# Naïve Bayesian classification

## Table of Contents

## Summary

- The "naïve assumption" is that the presence of a word does not give any information about the probability of the presence of any other word. This assumption gives us \(P(w_1, w_2, \dots|C_c) = \prod_i P(w_i|C_c)\).
- \(d_i\) is the number of documents (in the training set, of course) with word \(i\).
- \(d_{ci}\) is the number of documents in category \(C_c\) with the word \(i\).
- \(n_c\) is the number of documents in the category \(C_c\).
- \(n\) is the number of documents.
- \(|C|\) is the number of categories.
- \(P(C_c) = \frac{n_c + 1}{n + |C|}\) is the probability of any random document having category \(C_c\).
- \(\hat{X} =
\) is a binary document vector where each \(w_i \in \{0,1\}\). - \(P(\hat{X}|C_c) = P(w_1, w_2, \dots, w_k | C_c) = \prod_i P(w_i|C_c)\) is the probability of the document having the words that it does assuming that the document comes from category \(C_c\).
- \(P(w_i|C_c) = \frac{d_{ci} + 1}{d_i + n_c}\) is the probability of a document from category \(C_c\) having word \(w_i\).
- \(\arg\max_{C_c} P(\hat{X}|C_c) P(C_c)\) is the question: which category \(C_c\) maximizes the probability that the document has these words?
- \(\arg\max_{C_c} \sum_i \log P(w_i|C_c) + \log P(C_c)\) is the new question using log-probability to avoid "underflow" in the floating-point values.

## Feature vectors

Documents are simply binary word vectors. Each dimension in the vector represents a unique word. The value in this dimension is 0 or 1 depending on whether the document has at least one occurrence of that word.

## Category vectors

Each category vector is represented as a series of probabilities, one probability per word (each vector dimension represents a word, just like a document feature vector). Each probability means, "the probability of this word being present in a document that is a member of this category." Thus, the category vector has terms \(C_c = (p_{c1}, p_{c2}, \dots, p_{ck})\), and

$$p_{ci} = P(w_i|C_c) = \frac{d_{ci}+1}{d_i+n_c},$$

where \(d_{ci}\) is the number of documents in \(C_c\) that have word \(i\)
(anywhere in the document, any number of occurrences), \(d_i\) is the
number of documents in *any* category that have word \(i\), and \(n_c\) is
the number of documents in category \(C_c\). We add 1 and add \(n_c\) so
that \(P(w_i|C_c)\) is never equal to 0. (This is called Laplace
smoothing.)

## Algorithm

We assume, for simplicity, that the occurrences of words in documents are completely independent (this is what makes the method "naïve"). This is patently false since, for instance, the words "vision" and "image" often both appear in documents about computer vision; so seeing the word "vision" suggests that "image" will also appear in the document.

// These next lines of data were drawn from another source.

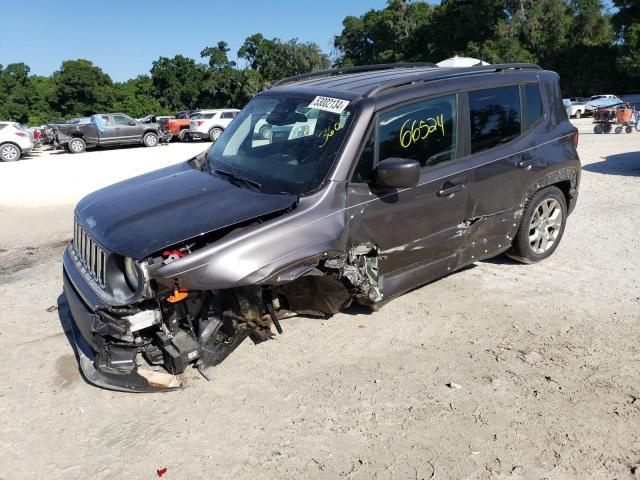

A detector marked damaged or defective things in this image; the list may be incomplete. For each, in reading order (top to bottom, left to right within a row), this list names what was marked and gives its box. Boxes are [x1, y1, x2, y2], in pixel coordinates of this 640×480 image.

dented hood [74, 160, 298, 258]
damaged gray suv [63, 62, 580, 390]
crushed front bumper [62, 248, 180, 394]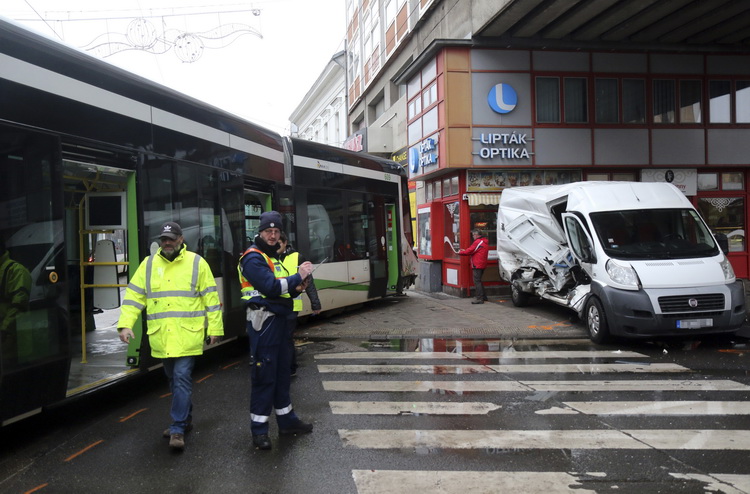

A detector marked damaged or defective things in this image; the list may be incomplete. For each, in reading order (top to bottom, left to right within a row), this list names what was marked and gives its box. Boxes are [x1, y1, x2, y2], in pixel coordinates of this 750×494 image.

shattered van windshield [592, 208, 724, 260]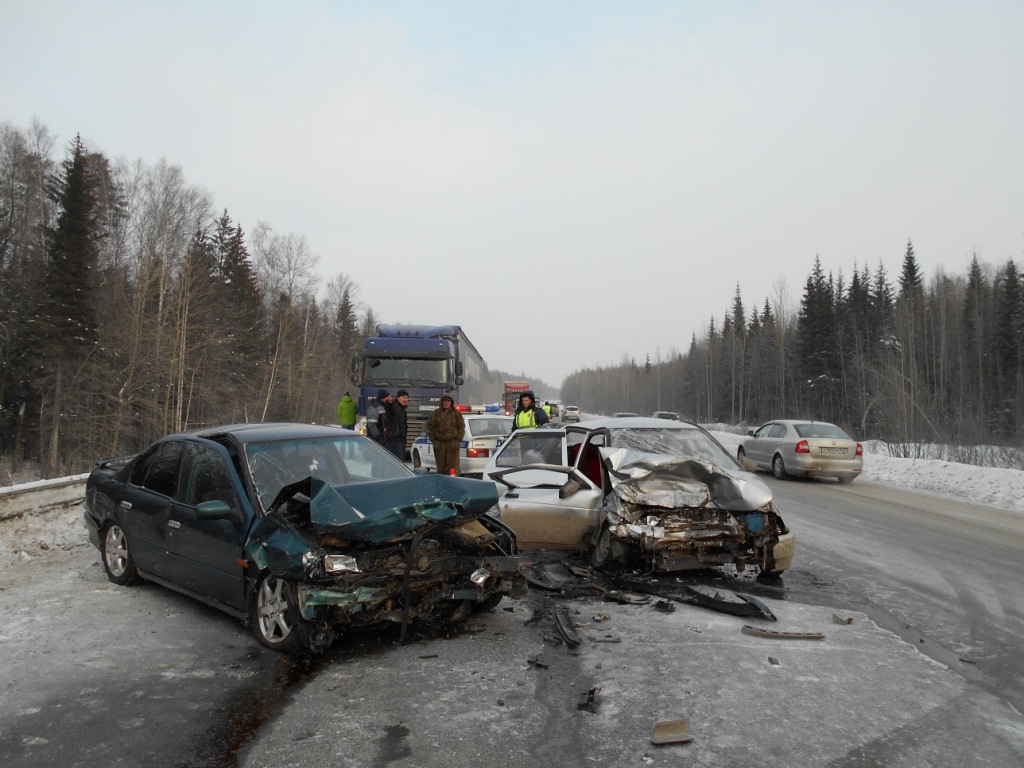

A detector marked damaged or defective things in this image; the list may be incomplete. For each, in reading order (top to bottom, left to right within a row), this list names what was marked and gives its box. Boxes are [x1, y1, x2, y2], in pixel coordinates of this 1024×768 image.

We further assume that the order the words appear in the document does not matter.

Because we make this independence assumption, we can calculate the probability of a document being a member of some category quite easily:

$$P(\hat{X}|C_c) = \prod_i P(w_i|C_c),$$

where \(P(w_i|C_c) = p_{ci}\) (from the definition above).

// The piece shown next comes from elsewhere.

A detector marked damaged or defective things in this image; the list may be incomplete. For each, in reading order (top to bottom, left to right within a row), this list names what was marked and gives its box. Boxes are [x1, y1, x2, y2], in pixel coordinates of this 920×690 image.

Now, Bayes' theorem gives us:

$$P(C_c|\hat{X}) = P(\hat{X}|C_c)P(C_c) / P(\hat{X}),$$

with,

$$P(C_c) = \frac{n_c + 1}{n + |C|},$$

where \(n_c\) is the number of documents in category \(C_c\) and \(n\) is the number of documents overall. Again, we use Laplace smoothing; this allows us to avoid probabilities equal to 0.0.

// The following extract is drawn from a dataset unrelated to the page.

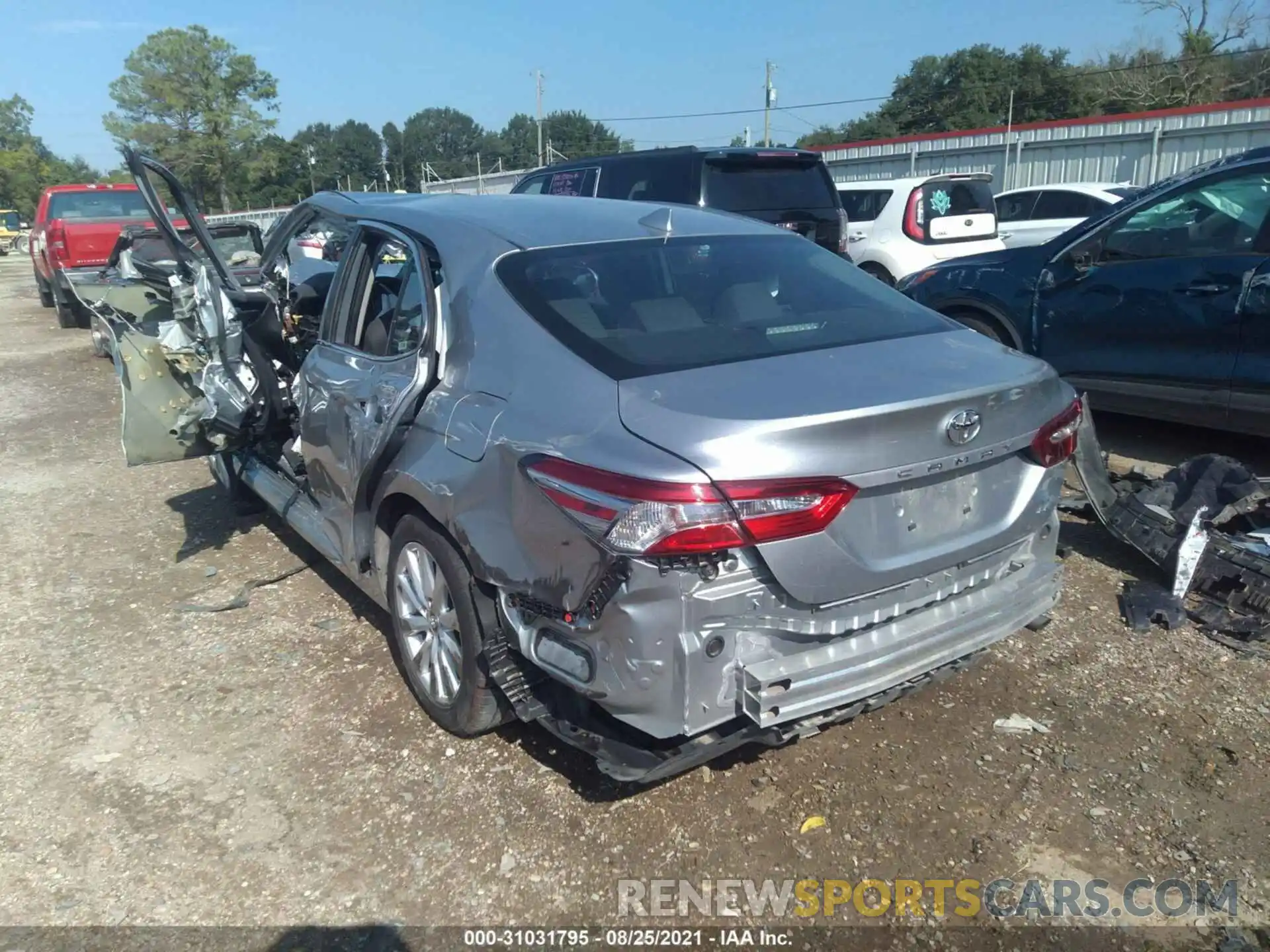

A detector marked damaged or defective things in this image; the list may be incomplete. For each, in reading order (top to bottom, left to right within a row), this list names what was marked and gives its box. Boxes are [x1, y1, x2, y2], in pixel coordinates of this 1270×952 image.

detached car door [294, 223, 439, 566]
damaged white car [94, 153, 1077, 781]
damaged silver sedan [94, 153, 1077, 787]
detached car door [1031, 163, 1270, 428]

Since we want to find the category \(C_c\) that makes the quantity maximal, we can ignore \(P(\hat{X})\) because it does not change depending on which category we are considering.

Thus, we are actually looking for:

$$\arg\max_{C_c} P(C_c|\hat{X}) = \arg\max_{C_c} P(\hat{X}|C_c)P(C_c)$$

We just check all the categories, and choose the single best or top \(N\).

## A problem with tiny values

With a lot of unique words, we create very small values by multiplying many \(p_{ci}\) terms. On a computer, the values may become so small that they may "underflow" (run out of bits required to represent the value). To prevent this, we just throw a logarithm around everything:

$$\log P(\hat{X}|C_c)P(C_c) = \log P(\hat{X}|C_c) + \log P(C_c),$$

and furthermore,

$$\log P(\hat{X}|C_c) = \log \prod_i P(w_i|C_c) = \sum_i \log P(w_i|C_c)$$

So our multiplications turn to sums, and we avoid the underflow problem. Rewriting again, we ultimately have this problem:

$$\arg\max_{C_c} \sum_i \log P(w_i|C_c) + \log P(C_c)$$

## Evaluation

The book Introduction to Information Retrieval gathered some published results for classification tasks. We can see that naïve Bayes is usually not as good as k-nearest neighbor (which we did learn about) nor support vector machines (which we didn't learn about).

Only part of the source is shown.